Isaac Craig Buckhout was an American civil engineer.
Background
Isaac Craig Buckhout was born on November 7, 1830 in Eastchester, New York, on the old Gouverneur Morris estate of which his father was manager. He descended from an old Knickerbocker family and the son of Jacob and Charlotte Eveline (De Val) Buckhout.
Education
Early in life Isaac decided to become a civil engineer and by hard work got enough money together to take an engineering course under a Prof. Davies.
Career
At seventeen Isaac Buckhout began the practical experience which was to lead him into engineering prominence in spite of his short life. He was fortunate in the tutelage through which he laid the foundations of his profession.
In 1848, when he first entered the employ of the Harlem Railroad as a rodman, he worked under Allan Campbell, a civil engineer who later became president of the railroad. Shortly afterward he engaged in surveying at Paterson, New Jersey, where his chief was Colonel J. W. Allen.
In a short while Buckhout rose to the position of engineer and superintendent of the waterworks at Paterson but he gave this up to return to New York as city surveyor. In 1853, however, he returned to the employ of the Harlem Railroad and it was in railroad work that he achieved outstanding prominence in his day.
A board of four engineers was appointed by the state legislature when the charter for this "Improvement" was granted, and Isaac Buckhout was put in charge of the work. He resigned his position as superintendent of the New York and Harlem Railroad in order to give his time completely as engineer in charge of the new work.

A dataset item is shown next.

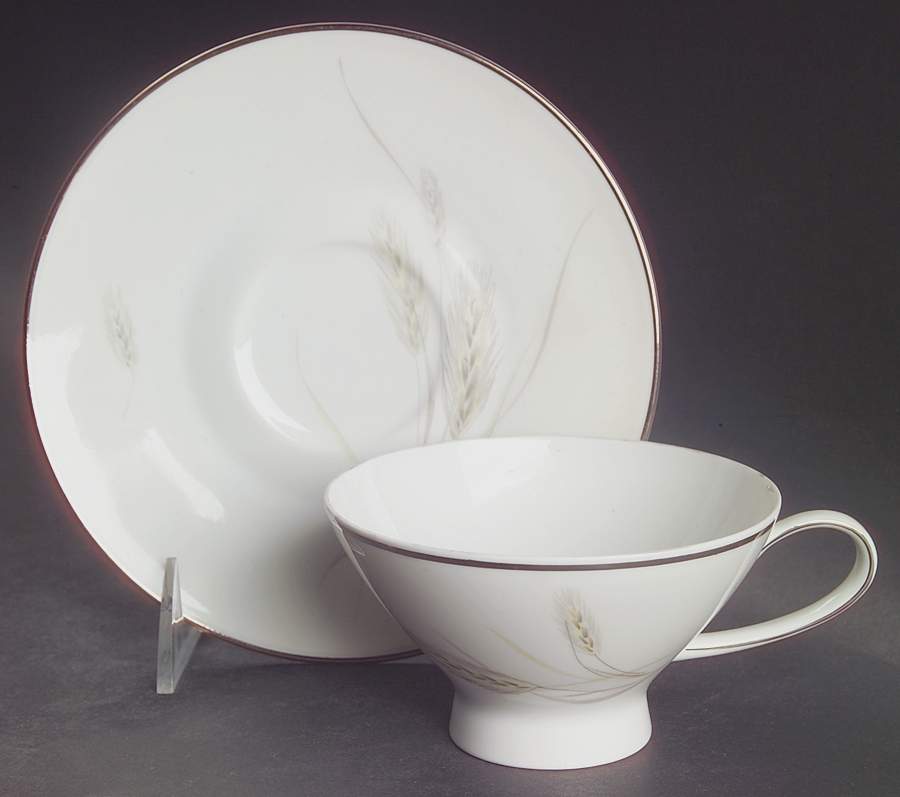 Regina Platinum Footed Cup & Saucer Set by Rosenthal - Continental-1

It was his literal devotion to duty here that caused his untimely death. Standing day after day in the marshland that is now New York's exclusive East Sixties, he contracted acute rheumatism and typhoid fever which resulted in his death at his home in White Plains.

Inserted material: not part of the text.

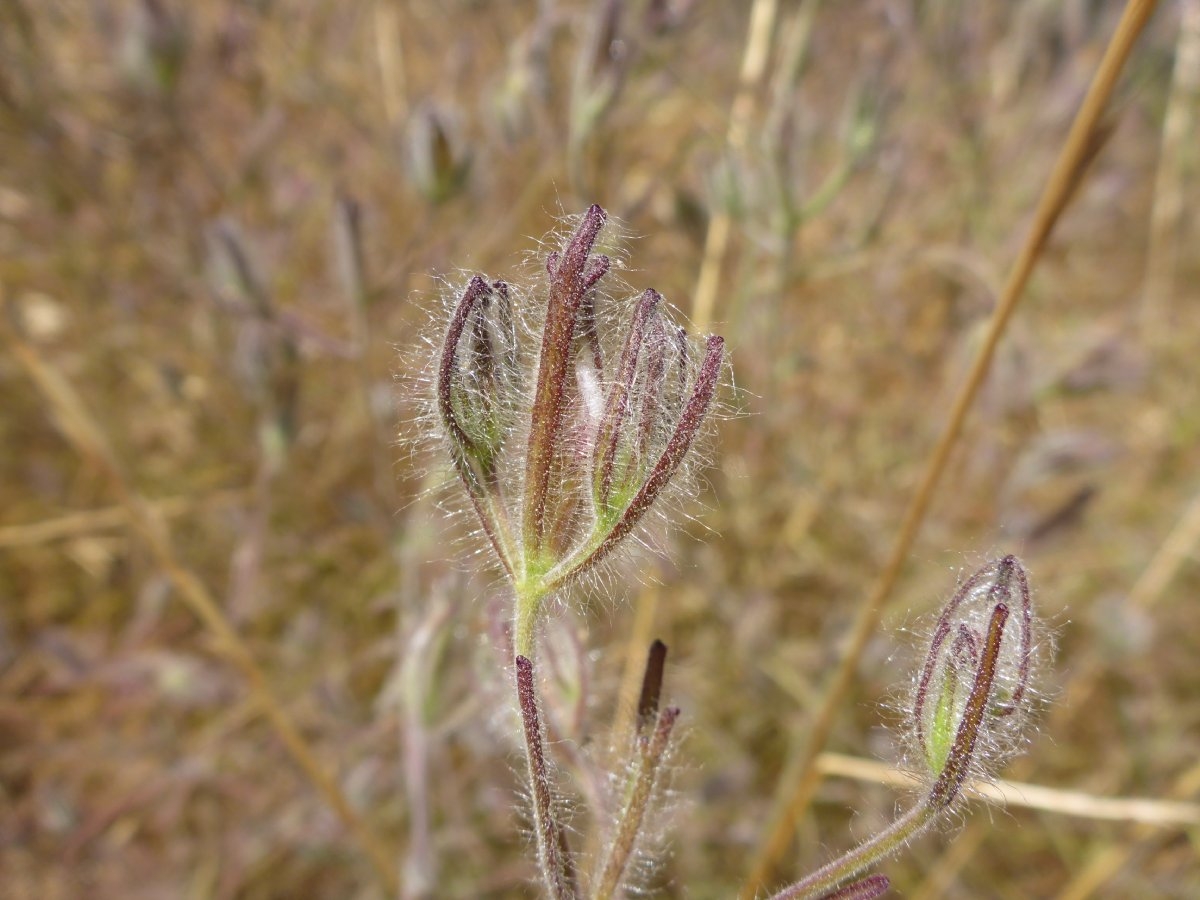 Cordylanthus pilosus ssp. hansenii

Buckhout also drew up plans for an underground railroad to run from Grand Central Depot to City Hall, and for another underground road in Brooklyn.

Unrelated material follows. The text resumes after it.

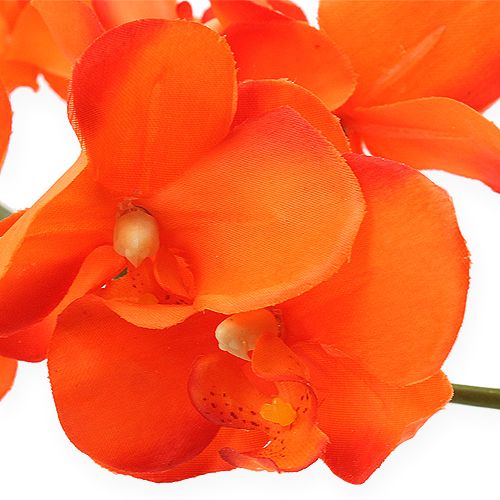 položky Větev orchideje oranžová 61cm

He had been appointed a member of the Committee on Rapid Transit shortly before his death.
Achievements
Buckhout's chief contribution at the early start of his career included the construction of an aqueduct over the Harlem flats and of a bridge over the Harlem River. But he will mainly be remembered for the old Grand Central Depot, which he designed, and the "Fourth Avenue Improvement, " the name given at the time to a new line to run from the Harlem River to Fortysecond St. , New York City.
Personality
As a boy he was of a studious nature and was considered to be somewhat of a mathematical genius.
He was an engineer whose advice was sought not only because of his innate practical ability and the indefatigable care which he took with details but also because of the qualities of manhood which made him a warm personal friend and inspired trust and confidence in those with whom he came in contact.
In personal appearance he so much resembled Henry Ward Beecher that he was often mistaken for him.